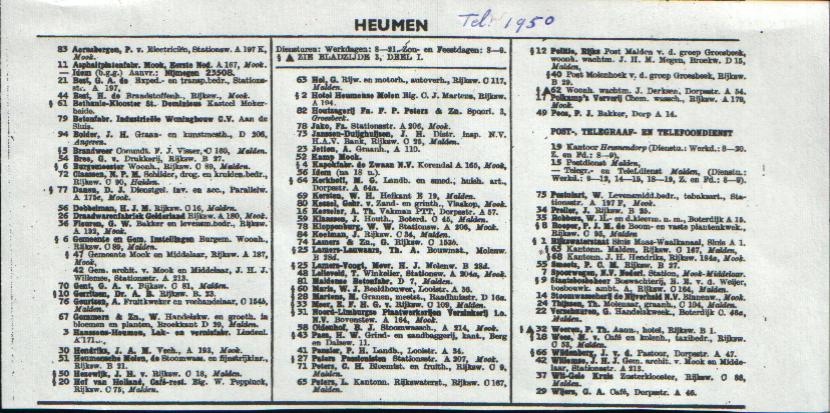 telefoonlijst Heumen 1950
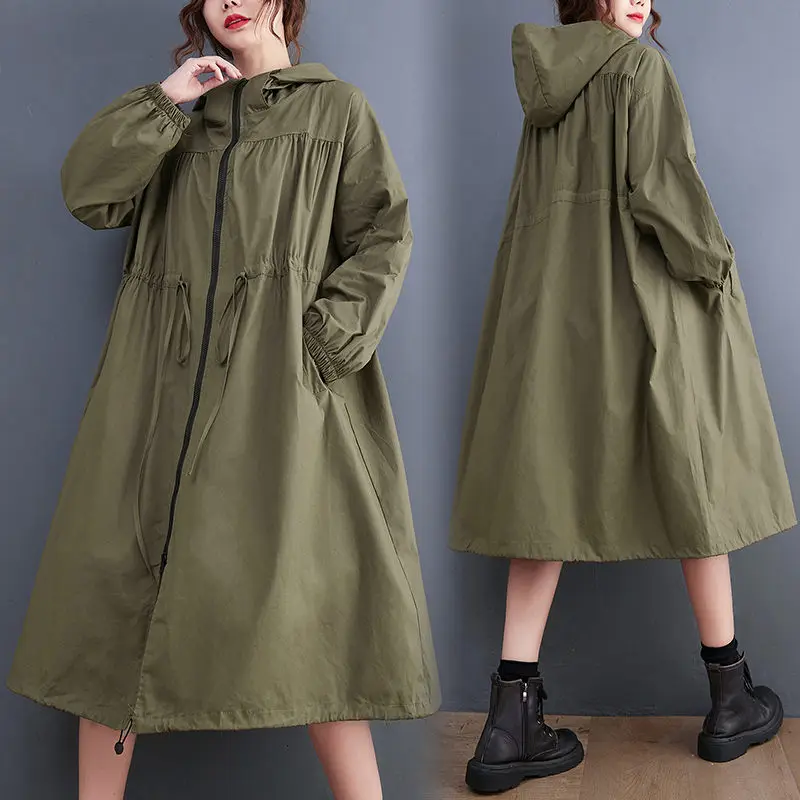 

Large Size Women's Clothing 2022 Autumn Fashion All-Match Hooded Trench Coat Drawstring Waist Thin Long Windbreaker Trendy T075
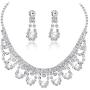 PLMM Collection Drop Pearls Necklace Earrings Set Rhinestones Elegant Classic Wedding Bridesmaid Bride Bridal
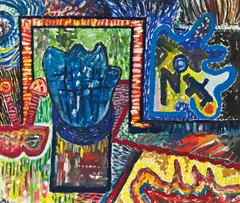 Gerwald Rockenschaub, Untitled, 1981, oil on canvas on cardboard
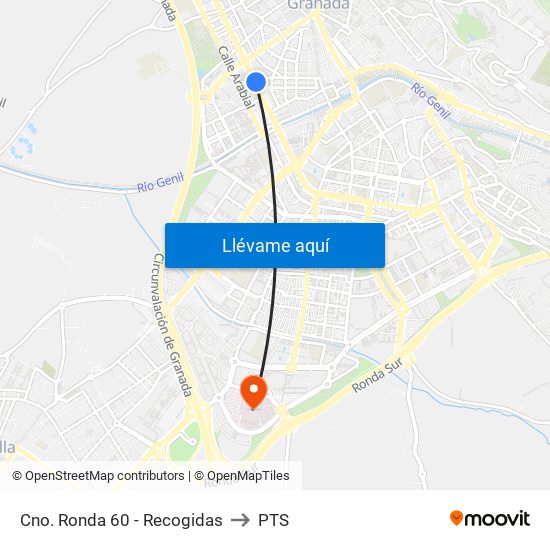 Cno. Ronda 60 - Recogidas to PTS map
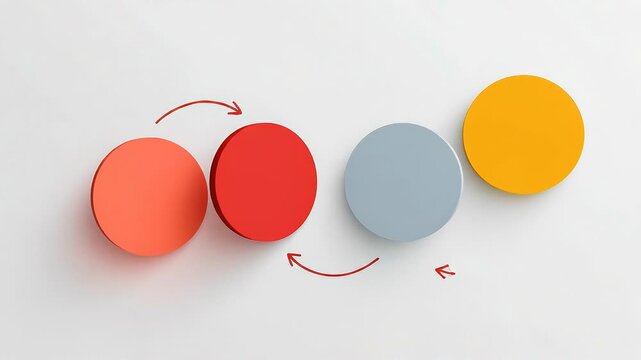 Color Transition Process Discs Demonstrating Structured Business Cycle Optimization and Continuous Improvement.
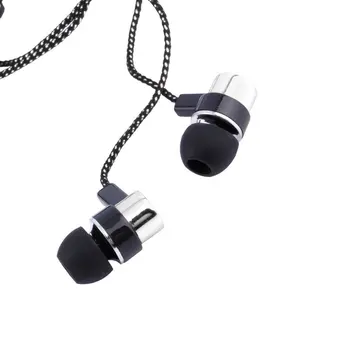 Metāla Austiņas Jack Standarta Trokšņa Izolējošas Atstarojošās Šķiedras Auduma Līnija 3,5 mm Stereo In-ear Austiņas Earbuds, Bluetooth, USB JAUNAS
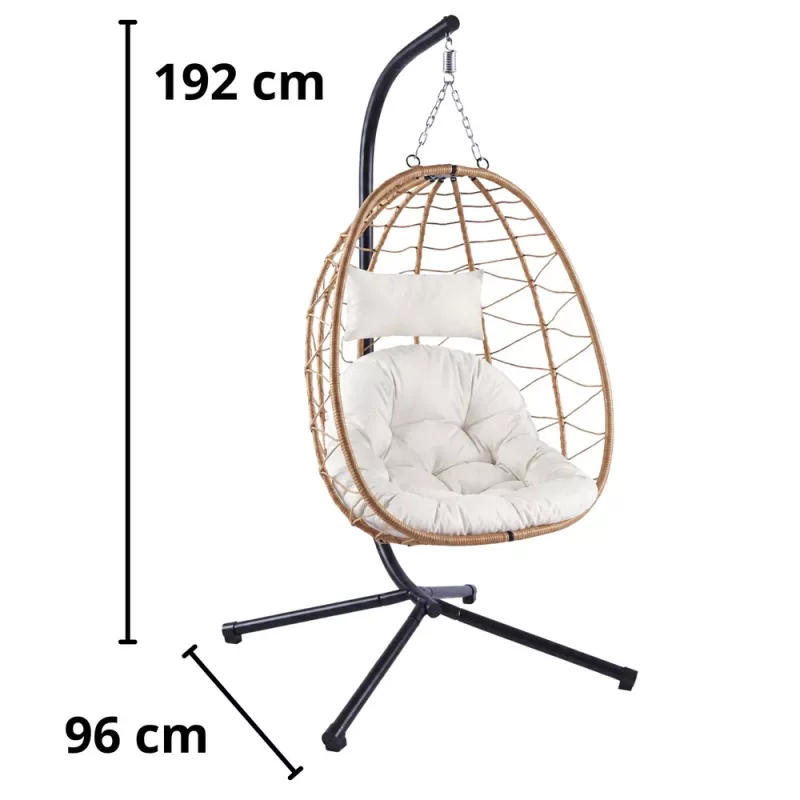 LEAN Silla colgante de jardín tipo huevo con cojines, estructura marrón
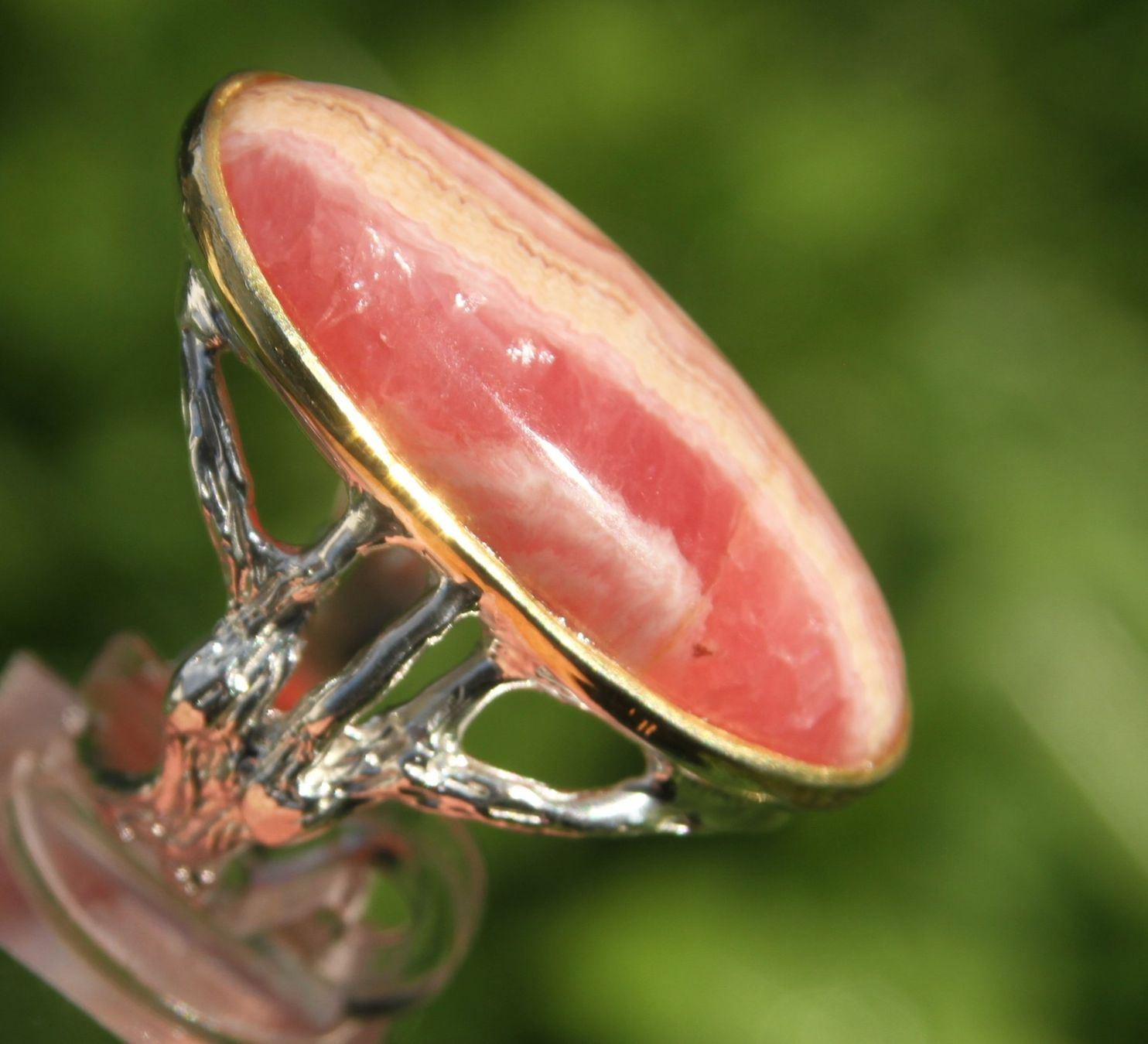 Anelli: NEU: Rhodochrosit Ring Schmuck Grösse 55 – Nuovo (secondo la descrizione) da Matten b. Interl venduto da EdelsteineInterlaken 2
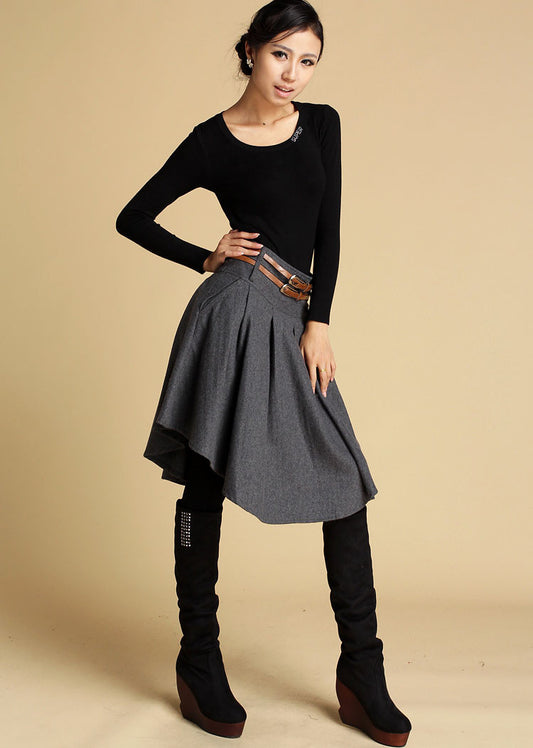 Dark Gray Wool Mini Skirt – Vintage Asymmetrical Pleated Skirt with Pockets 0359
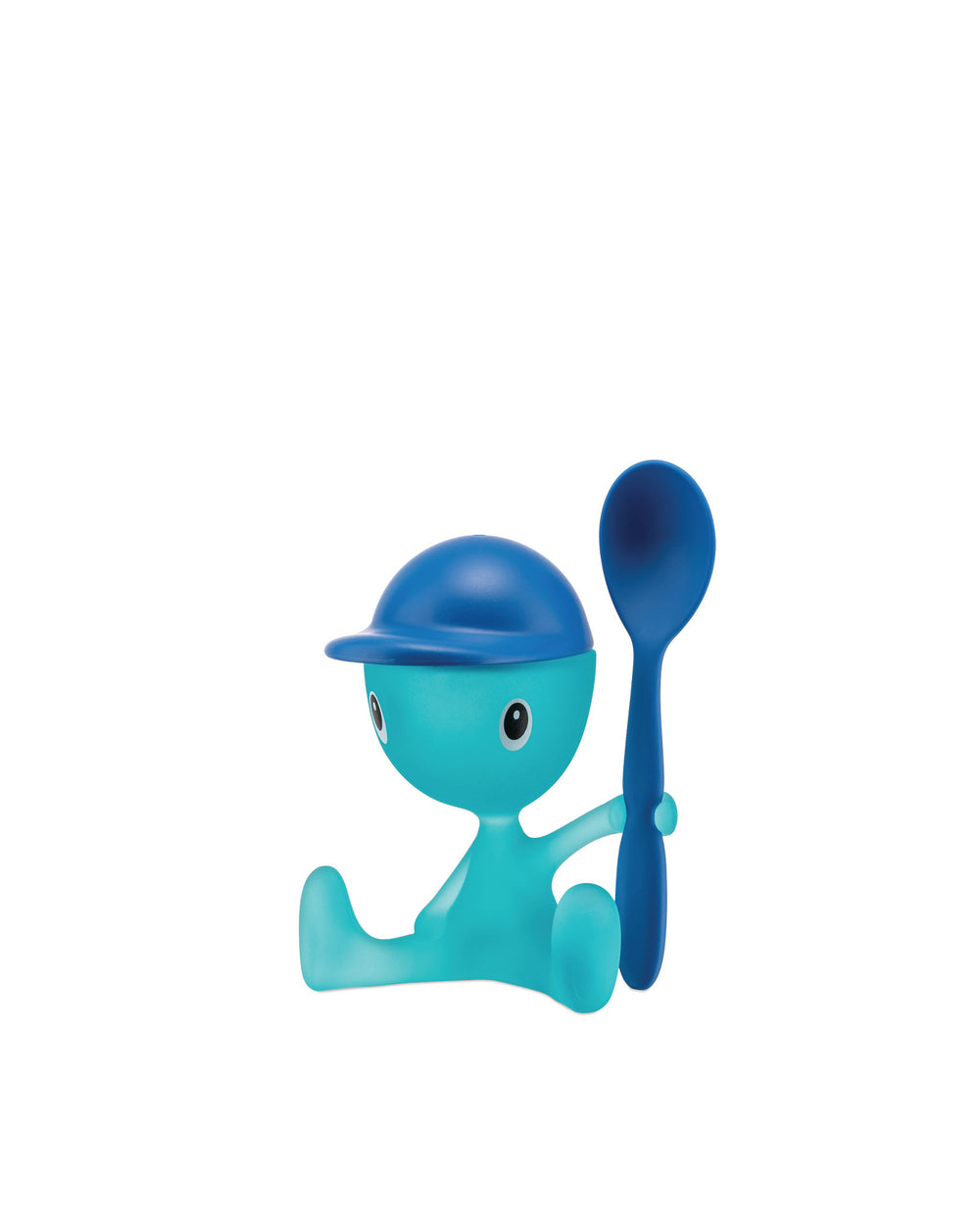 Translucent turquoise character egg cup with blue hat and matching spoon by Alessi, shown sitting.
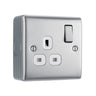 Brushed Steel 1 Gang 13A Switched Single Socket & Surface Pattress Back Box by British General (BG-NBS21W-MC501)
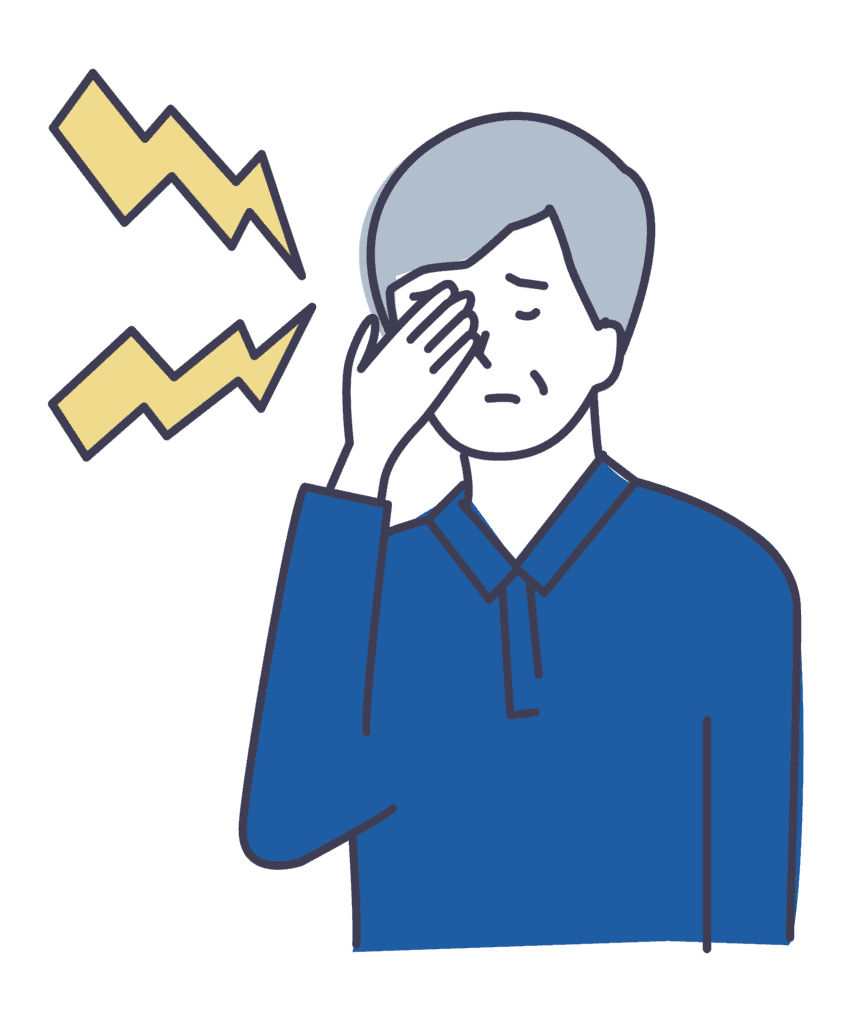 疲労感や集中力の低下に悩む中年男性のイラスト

--

Could you output all of the entries above exactly? Leave the pictures out.

 telefoonlijst Heumen 1950

Large Size Women's Clothing 2022 Autumn Fashion All-Match Hooded Trench Coat Drawstring Waist Thin Long Windbreaker Trendy T075
 PLMM Collection Drop Pearls Necklace Earrings Set Rhinestones Elegant Classic Wedding Bridesmaid Bride Bridal
 Gerwald Rockenschaub, Untitled, 1981, oil on canvas on cardboard
 Cno. Ronda 60 - Recogidas to PTS map
 Color Transition Process Discs Demonstrating Structured Business Cycle Optimization and Continuous Improvement.
 Metāla Austiņas Jack Standarta Trokšņa Izolējošas Atstarojošās Šķiedras Auduma Līnija 3,5 mm Stereo In-ear Austiņas Earbuds, Bluetooth, USB JAUNAS
 LEAN Silla colgante de jardín tipo huevo con cojines, estructura marrón
 Anelli: NEU: Rhodochrosit Ring Schmuck Grösse 55 – Nuovo (secondo la descrizione) da Matten b. Interl venduto da EdelsteineInterlaken 2
 Dark Gray Wool Mini Skirt – Vintage Asymmetrical Pleated Skirt with Pockets 0359
 Translucent turquoise character egg cup with blue hat and matching spoon by Alessi, shown sitting.
 Brushed Steel 1 Gang 13A Switched Single Socket & Surface Pattress Back Box by British General (BG-NBS21W-MC501)
 疲労感や集中力の低下に悩む中年男性のイラスト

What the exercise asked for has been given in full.